Enova (NYSE: ENVA) chair receives new RSU and option grants
Filing Impact
Filing Sentiment
Form Type
4
Rhea-AI Filing Summary
Enova International Executive Chairman David Fisher received new equity awards in the form of common stock and stock options. On February 11, 2026, he was granted 13,515 shares of common stock as restricted stock units at a price of $0 per share, increasing his directly owned common stock to 333,587 shares.
He was also granted 8,684 non-qualified stock options with a limited stock appreciation right at an exercise price of $157.79 per share, leaving him with 8,684 such options outstanding. The 13,515 restricted stock units vest in four equal annual installments from February 11, 2027 through February 11, 2030, while the options vest in three equal annual installments from February 11, 2027 through February 11, 2029.
Positive
- None.
Negative
- None.
Insider Trade Summary
2 transactions reported
Mixed
2 txns
Insider
Fisher David
Role
Executive Chairman
| Type | Security | Shares | Price | Value |
|---|---|---|---|---|
| Grant/Award | Non-Qualified Stock Option (right to buy) with limited SAR | 8,684 | $0.00 | -- |
| Grant/Award | Common stock, par value $0.00001 per share | 13,515 | $0.00 | -- |
Holdings After Transaction:
Non-Qualified Stock Option (right to buy) with limited SAR — 8,684 shares (Direct);
Common stock, par value $0.00001 per share — 333,587 shares (Direct)
Footnotes (1)
- This transaction reflects a grant of restricted stock units that shall vest in substantially equal one-fourth increments on each of the following dates as long as grantee serves as an employee of the Issuer or an affiliate thereof through the applicable vesting date: February 11, 2027, February 11, 2028, February 11, 2029 and February 11, 2030. The limited stock appreciation right ("SAR") and employee stock option were granted in tandem. Accordingly, the exercise of one results in the expiration of the other. The SAR may be exercised only during the period beginning on the first day following the date that a "Change in Control" of Issuer occurs (as defined in the related grant agreement) and ending on the thirtieth day following such date. Upon exercise, the grantee shall be able to receive an amount equal to the product computed by multiplying (i) the excess of the "Offer Value Per Share" over the exercise price of the underlying option by (ii) the number of shares with respect to which the SAR is being exercised; provided, that such amount shall only be payable in the event an "Offer" is made. The "Offer Value Per Share" means the average selling price of Issuer's common stock during the period of 30 days ending on the date on which the SAR is exercised. "Offer" means any tender offer or exchange offer for outstanding shares of Issuer representing at least 30% of the total voting power of the stock of Issuer, or an offer to purchase assets from Issuer that have a total gross fair market value equal to or more than 40% of the total gross fair market value of all of the assets of Issuer, other than an offer made by Issuer. The options shall vest in substantially equal one-third increments on each of the following dates as long as grantee serves as an employee of Issuer or an affiliate thereof through the applicable vesting date: February 11, 2027, February 11, 2028 and February 11, 2029.
FAQ
What equity awards did Enova (ENVA) Executive Chairman David Fisher receive?
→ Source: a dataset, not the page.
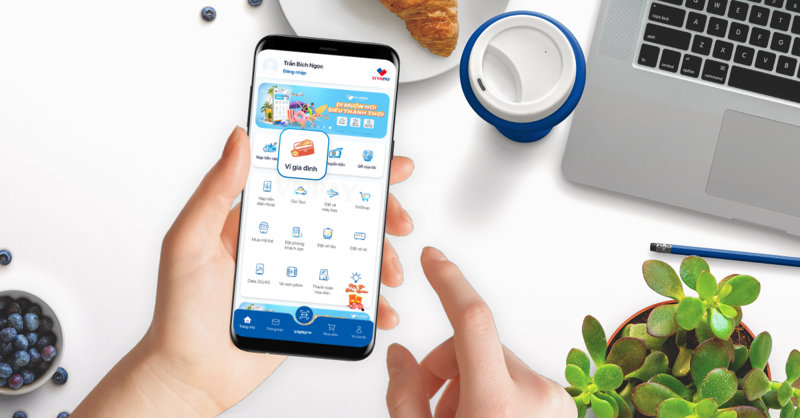 Hộ kinh doanh sử dụng v&iacute; điện tử tr&ecirc;n điện thoại để thanh to&aacute;n h&oacute;a đơn nhanh ch&oacute;ng v&agrave; kh&ocirc;ng d&ugrave;ng tiền mặt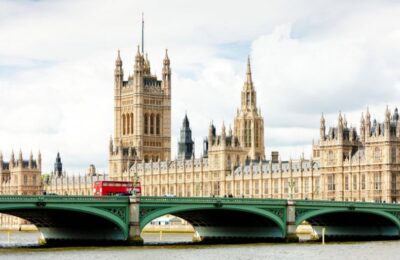 BRITANIJA UVELA NOVE SANKCIJE RUSIJI: Na meti tankeri, nafta i vojna industrija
David Fisher received 13,515 restricted stock units and 8,684 non-qualified stock options. The stock was granted at $0 per share and the options have a $157.79 exercise price, reflecting equity-based compensation rather than open-market buying.
How do David Fisher’s new restricted stock units at Enova (ENVA) vest?
The 13,515 restricted stock units vest in four substantially equal installments. Vesting dates are February 11, 2027, February 11, 2028, February 11, 2029, and February 11, 2030, and require Fisher to remain an employee through each applicable vesting date.
What are the terms of David Fisher’s new Enova (ENVA) stock options?
Fisher received 8,684 non-qualified stock options with an exercise price of $157.79 per share. These options vest in three substantially equal annual installments on February 11, 2027, February 11, 2028, and February 11, 2029, contingent on continued employment.
What is the limited stock appreciation right attached to David Fisher’s Enova options?
The stock appreciation right is paired with the employee stock option, so exercising one cancels the other. It becomes exercisable only after a defined Change in Control and provides cash based on the Offer Value Per Share above the option exercise price, if a qualifying offer occurs.
Is David Fisher’s Form 4 transaction a stock purchase or a compensation grant?
The Form 4 shows compensation grants, not open-market purchases. Both the 13,515 restricted stock units and the 8,684 options were acquired at a reported price of $0 per share, consistent with equity awards rather than buying shares on the market.